Source material:
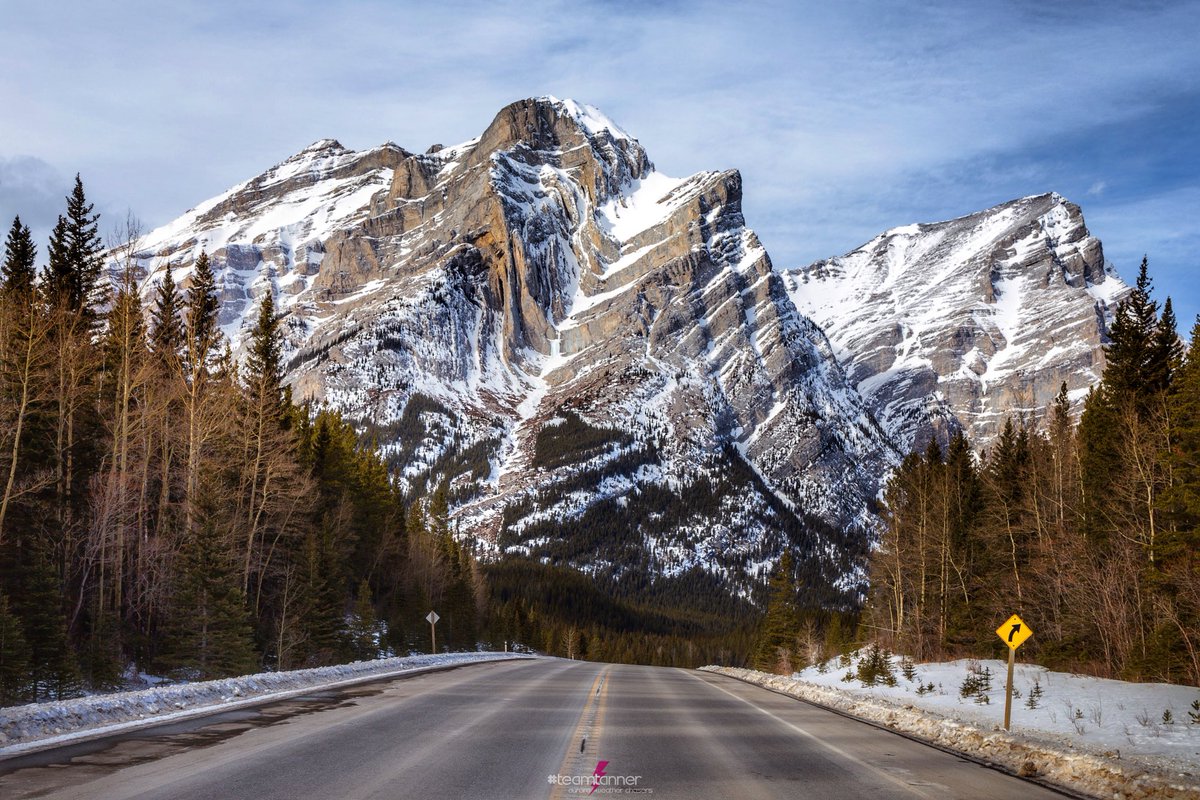 treetanner's tweet photo. It’s our first ever #AlbertaDay so I’m going to share a few pics of my province #teamtanner @dartanner https://t.co/0XGcmi41ol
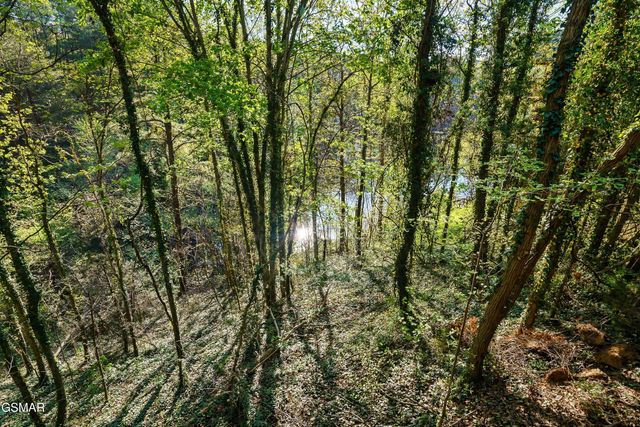 2306 Bonnie Lane, Sevierville, TN 37876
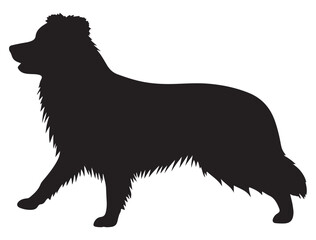 BODER COLLIE DOG SILHOUETTE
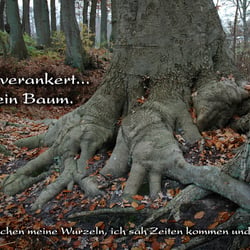 Wurzel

Directions:
Return all the data exactly, and keep the pictures out.

Answer space:
 treetanner's tweet photo. It’s our first ever #AlbertaDay so I’m going to share a few pics of my province #teamtanner @dartanner https://t.co/0XGcmi41ol
 2306 Bonnie Lane, Sevierville, TN 37876
 BODER COLLIE DOG SILHOUETTE
 Wurzel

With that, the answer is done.